Tongi

Tongi

Tongi (Bengali: টঙ্গী) is a major township in Gazipur, Bangladesh, with a population of 350,000. It hosts the Biswa Ijtema and features a BSCIC industrial area, which produces BDT 1500 crore of industrial products annually,[3][4] and marks the northern border of Dhaka since 1786.[5] Tongi Shahid Smrity high School compound is mass burial site of the genocide in Liberation War of Bangladesh.[3] Mir Jumla II (1660–1663) built a fort to protect the northern entry of Dhaka during his reign as a Mughal subadar (1660–1663).[5][6] The subadar also built a bridge over the river Turag.[5] Mir Jumla constructed a road, now a part of the Dhaka-Mymensingh highway, that connected Tongi with Bag-e-Badshahi.
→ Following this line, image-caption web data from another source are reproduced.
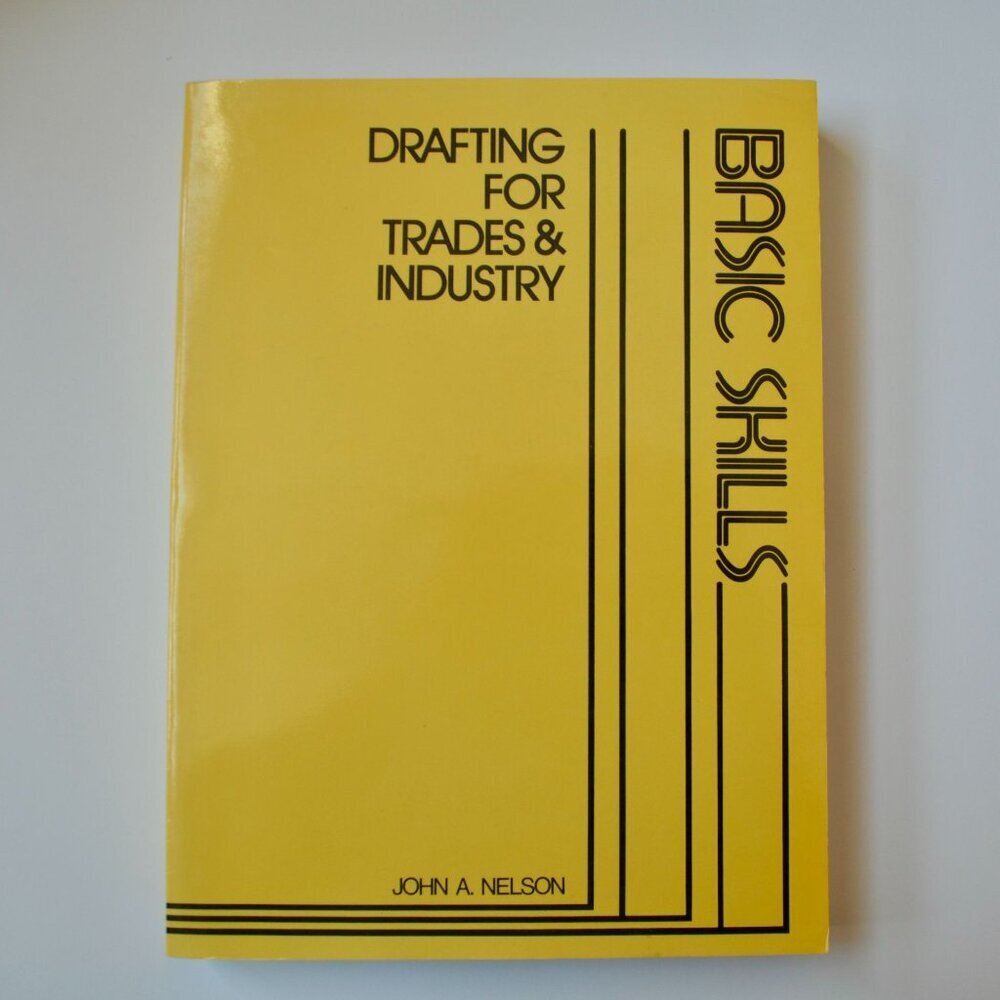 Drafting for Trades & Industry Basic Skills John A. Nelson Book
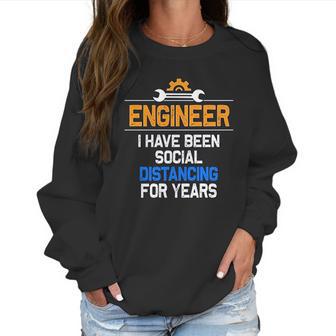 Funny Engineer I Have Been Social Distancing For Years Women Sweatshirt | Favorety UK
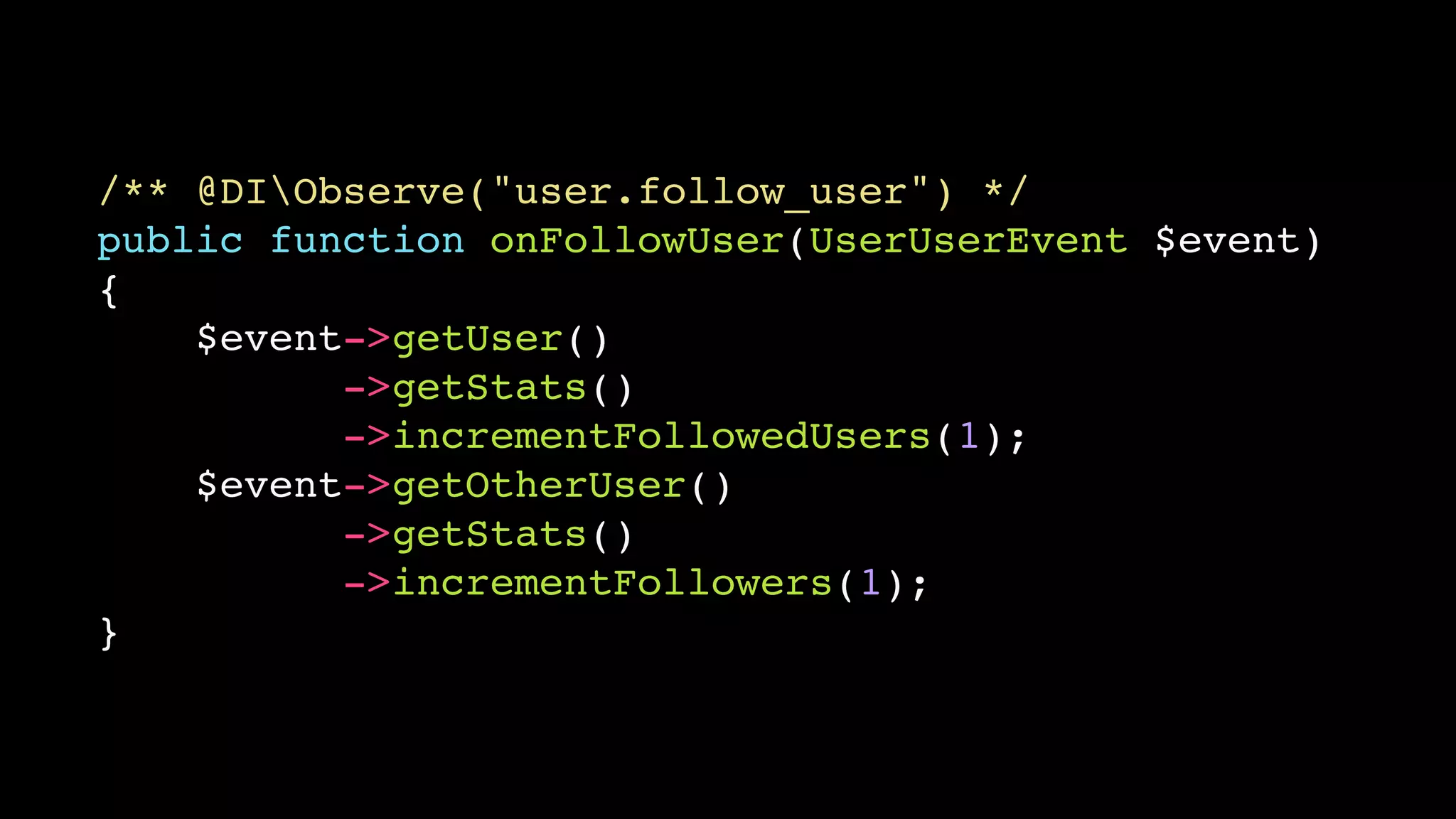/** @DIObserve("user.follow_user") */!
public function onFollowUser(UserUserEvent $event)!
{!
$event->getUser()!
->getStats()!
->incrementFollowedUsers(1);!
$event->getOtherUser()!
->getStats()!
->incrementFollowers(1);!
}

 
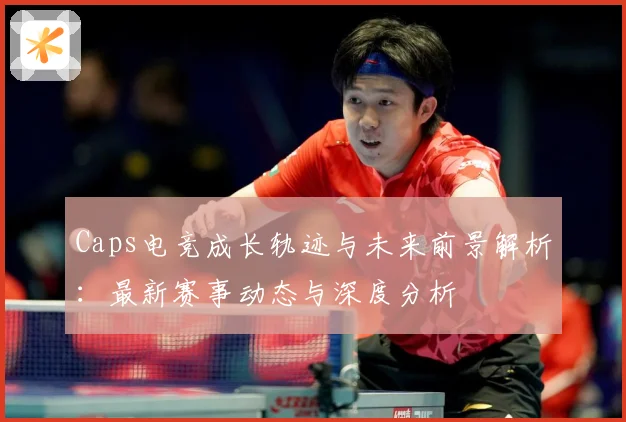 Caps电竞成长轨迹与未来前景解析：最新赛事动态与深度分析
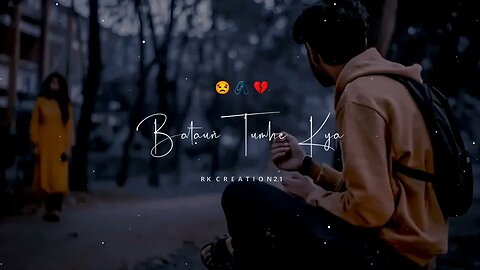 🥀 Arijit Singh | Khamoshiyan Song Status |😒New WhatsApp Status | 💔New Sad Status | RK Creation2.1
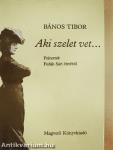 Aki szelet vet...
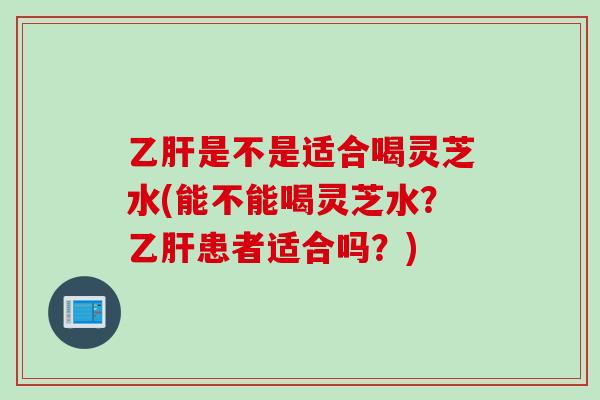 乙肝是不是适合喝灵芝水(能不能喝灵芝水？乙肝患者适合吗？)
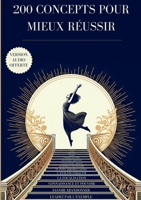 200 Concepts Pour Mieux Réussir (French Edition) 2322478121 Book Cover
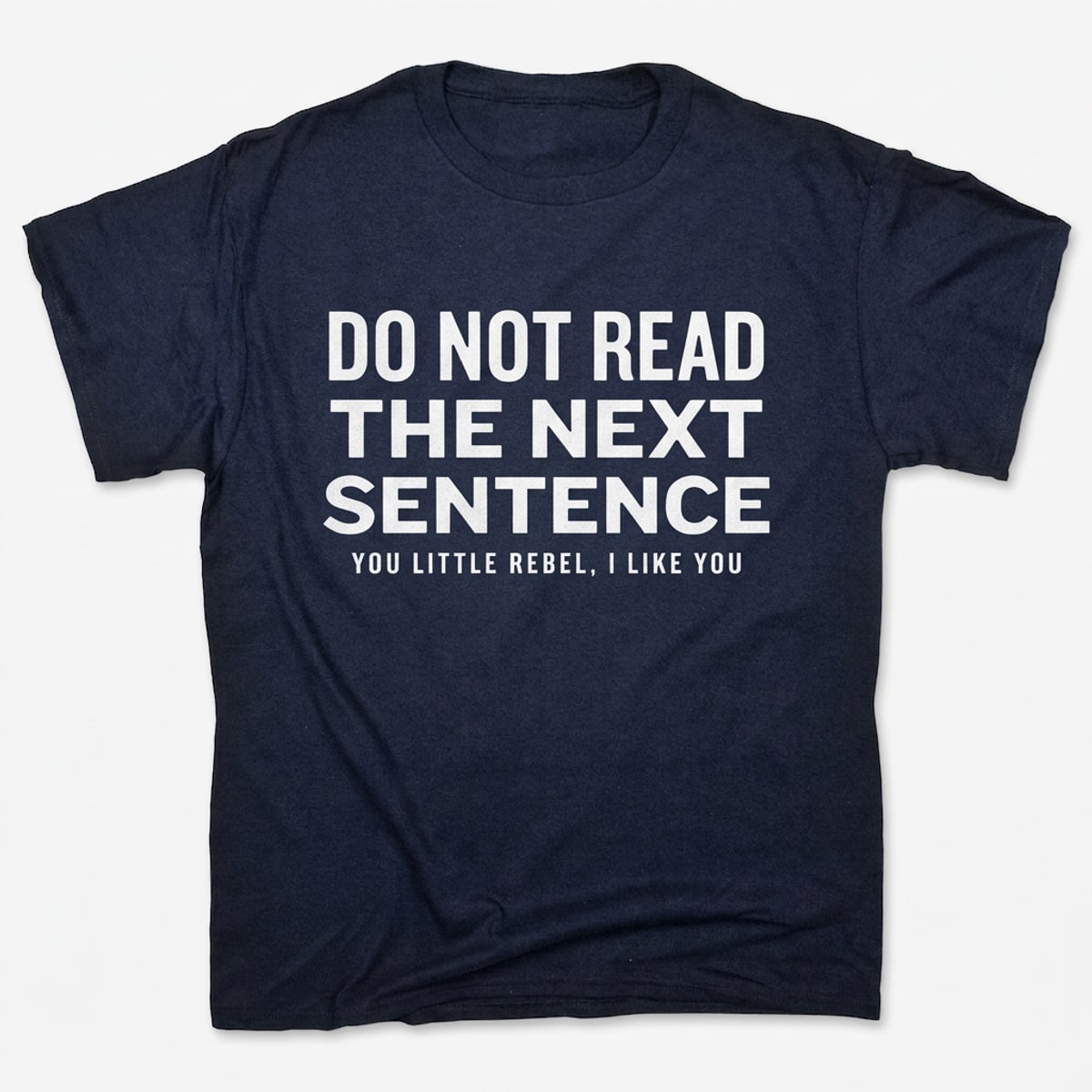 Do Not Read The Next Sentence You Little Rebel in Navy Blue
It served as an axis of urban growth in the 19th and 20th centuries as sites for establishment of new urban settlements - Gulshan (formed in 1961), Banani (in 1964), Baridhara (in 1972) and Uttara (in 1965) - were picked off the highlands along that axis road.[5] In 1786, Tongi-Jamalpur was designated as the northern boundary of Dhaka by the East India Company, reaffirmed by John Taylor, the first English Commercial Resident of Dhaka in 1800.[5]